During his first presidency, Donald Trump bitterly clashed with two conservative U.S. attorneys general he appointed: first Jeff Sessions, then Bill Barr — who drew a lot of criticism from Democrats for his handling of the Robert Mueller Report but infuriated Trump by refusing to go along with his efforts to overturn the 2020 presidential election results. However, U.S. Attorney General Pam Bondi, critics say, is crossing lines that Sessions and Barr wouldn't have dared to cross by using the U.S. Department of Justice (DOJ) as a tool of retaliation against Trump's foes.
In an article published on March 5, The Guardian's Peter Stone details the way in which Trump and Bondi are encouraging DOJ's rapid "politicization."

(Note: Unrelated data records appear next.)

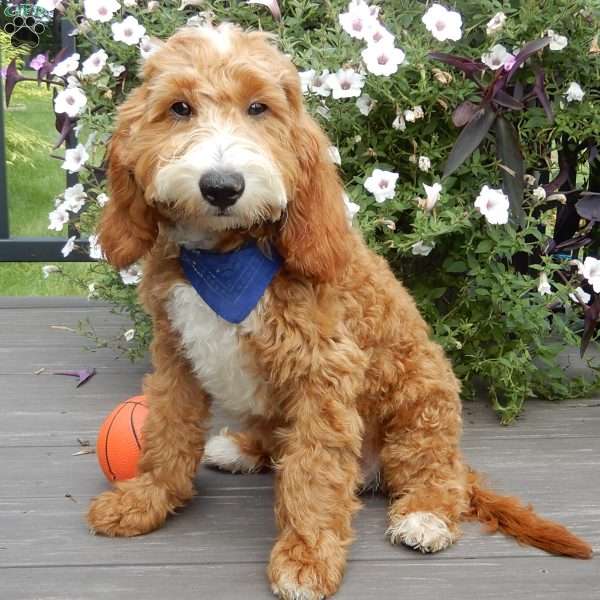 Leo, Mini Goldendoodle Puppy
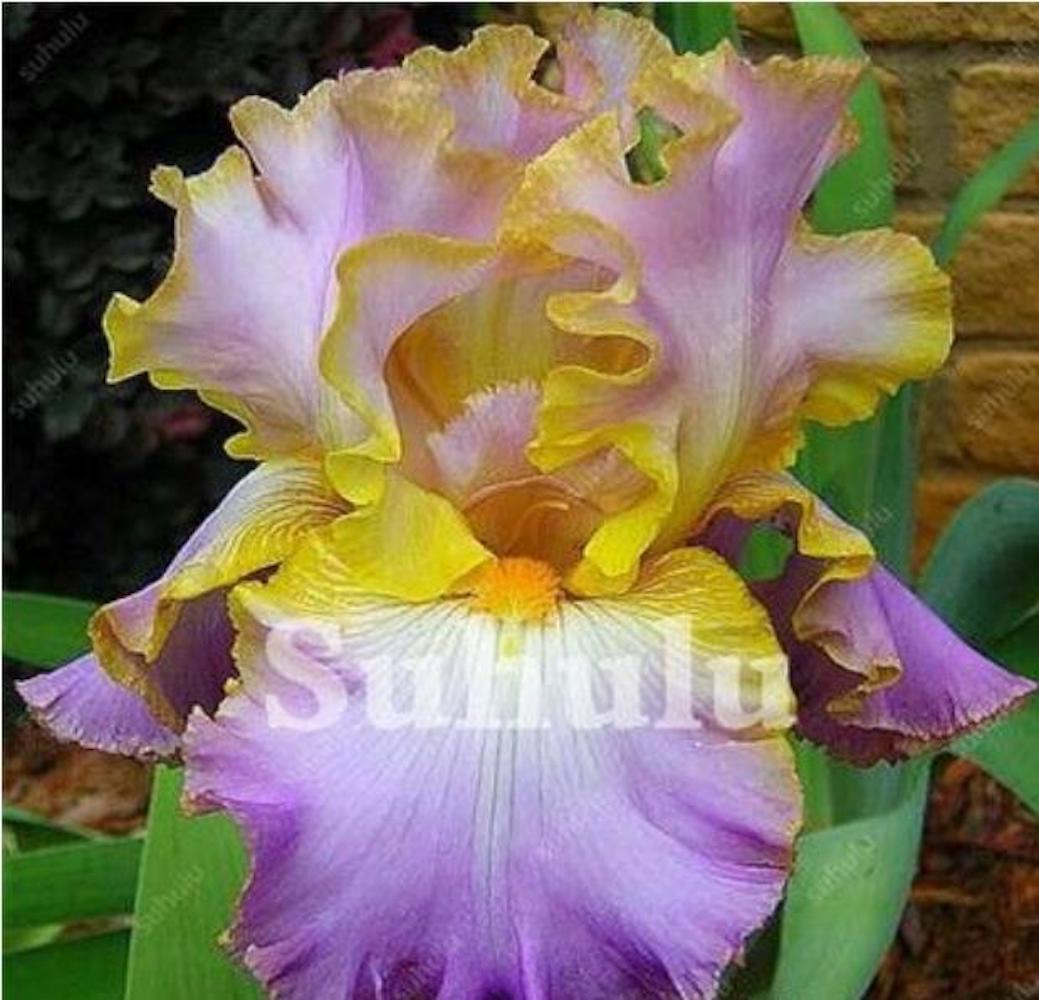 (10) IRIS SEEDS rare exotic flower home blossom garden plant USA SELLER W/TRACK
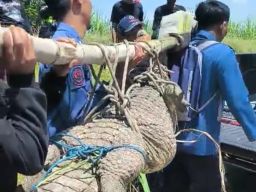 Petugas Damkar Sidoarjo Berhasil Tangkap Buaya Muara Yang Kerap Muncul dan Makan Kambing Warga di Jabon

University of Michigan law professor and former federal prosecutor Barbara McQuade, a frequent legal analyst for MS NOW, told the Guardian, "The weaponization of the DOJ has been truly breathtaking. They are looking for crimes to pin on their political rivals. Investigations against (U.S. Federal Reserve Chairman) Jerome Powell, (Minnesota Gov.) Tim Walz and others seem to be efforts to intimidate them into submission. DOJ prohibits this kind of fishing expeditions to smear people without factual predication that a crime has been committed."
McQuade's "points," according to Stone, are "underscored" by an FBI search of an elections office in Fulton County, Georgia.
"The FBI raid followed a DOJ lawsuit against Fulton County in December seeking to obtain records, including ballot stubs and signature envelopes from the 2020 election," Stone notes. "Despite lacking clear legal authority, Bondi has sued 30 states, including five on 26 February, seeking their voter registration lists, which contain personal information, in moves that seem to overlap with Trump's bogus accusations of widespread voting fraud in many states…. In a blunt and revealing memo last February, Bondi wrote that all DOJ employees must 'zealously advance, protect and defend' the interests of Trump in his role as the nation's chief executive."
Conservative Donald Ayer, who served as deputy U.S. attorney general under the late GOP President George H.W. Bush, told The Guardian, "The president's scowling face over the door is a constant reminder of all that he has done to dismantle the Justice Department as the trusted custodian of fair and evenhanded justice."
Another DOJ alumni interviewed by The Guardian is Randall Eliason, now a George Washington University law professor.
Ex-federal prosecutor Eliason told the publication, "Trump has succeeded in completely politicizing the Justice Department. This Justice Department has been transformed into a political wing of the Trump Administration, using the power of the justice system to punish Trump's enemies and reward his friends with little regard for the law. Some say he has turned it into his own personal law firm, but that's too generous — even a law firm generally would follow legal rules, obey court orders and not bring frivolous cases."